We have two tables, ITEM table has more than 150 million records and ITEM_EVENT table has more than 400 millions. Because of the growing nature of the data, we want to perform periodic cleanup of the tables. Could not find a performant way to achieve the goal, select query was taking very long and eventually got ORA-01114. CREATED Columns in both tables are not indexed. We can do that if they can help to achieve our goal. So please give us some suggestions to achieve our goal. Thanks.
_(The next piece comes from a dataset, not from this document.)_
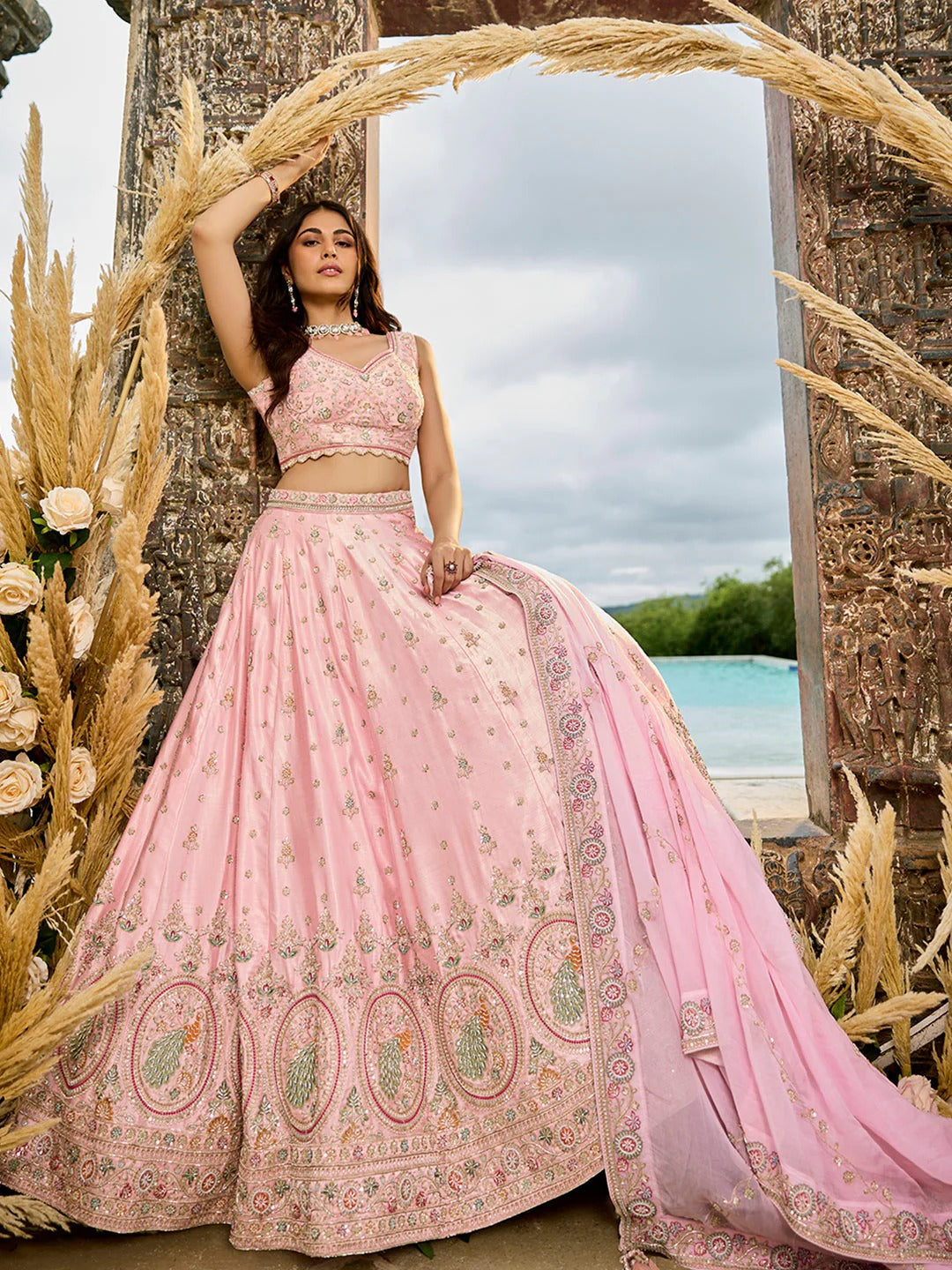Silk Fabric Beads & Sequence Embroidered Pink Lehenga Choli & Dupatta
Delete records is planned for:
- older than some compliance date
- with a batch size of say 50000 per iteration
- split the deletion in two steps, delete 1st the foreign key records and then primary keys
Our tables DDL:
CREATE TABLE "ITEM"
( "ID" VARCHAR2(255 CHAR) NOT NULL ENABLE,
"CREATED" TIMESTAMP (6) NOT NULL ENABLE,
"ITEM_TYPE" VARCHAR2(255 CHAR) NOT NULL ENABLE,
"ITEM_ID" VARCHAR2(255 CHAR) NOT NULL ENABLE
PRIMARY KEY ("ID")
)
CREATE INDEX "ITEM_ID_NDX" ON "ITEM" ("ITEM_ID")
CREATE TABLE "ITEM_EVENT"
( "ID" NUMBER(19,0) NOT NULL ENABLE,
"CREATED" TIMESTAMP (6) NOT NULL ENABLE,
"ITEM_EVENT_TYPE" VARCHAR2(255 CHAR) NOT NULL ENABLE,
"ITEM_BID" VARCHAR2(255 CHAR) NOT NULL ENABLE,
"ITEM_STATE" VARCHAR2(255 CHAR),
"CHANGE_REASON" VARCHAR2(255 CHAR),
"ITEM_ID" VARCHAR2(255 CHAR) NOT NULL ENABLE,
PRIMARY KEY ("ID")
)
alter table ITEM_EVENT
add constraint ITEM_EVENT_FK_ITEM_BID
foreign key (ITEM_BID)
references ITEM;
CREATE INDEX "ITEM_EVENT_BID_NDX" ON "ITEM_EVENT" ("ITEM_BID")
CREATE INDEX "ITEM_EVENT_ID_NDX" ON "ITEM_EVENT" ("ITEM_ID")
Following query tried which was very slow and causing error:
DELETE FROM ITEM_EVENT
WHERE ITEM_ID IN (
SELECT ITEM_ID
FROM ITEM_EVENT
WHERE CREATED < current_timestamp - NUMTODSINTERVAL(180, 'DAY')
GROUP BY ITEM_ID
HAVING MAX(ITEM_STATE) KEEP (DENSE_RANK LAST ORDER BY CREATED ASC)= 'DEACTIVATED'
FETCH FIRST 50000 ROWS ONLY);
DELETE FROM ITEM i
WHERE NOT EXISTS (SELECT 1 FROM ITEM_EVENT ie WHERE ie.ITEM_BID = i.ID)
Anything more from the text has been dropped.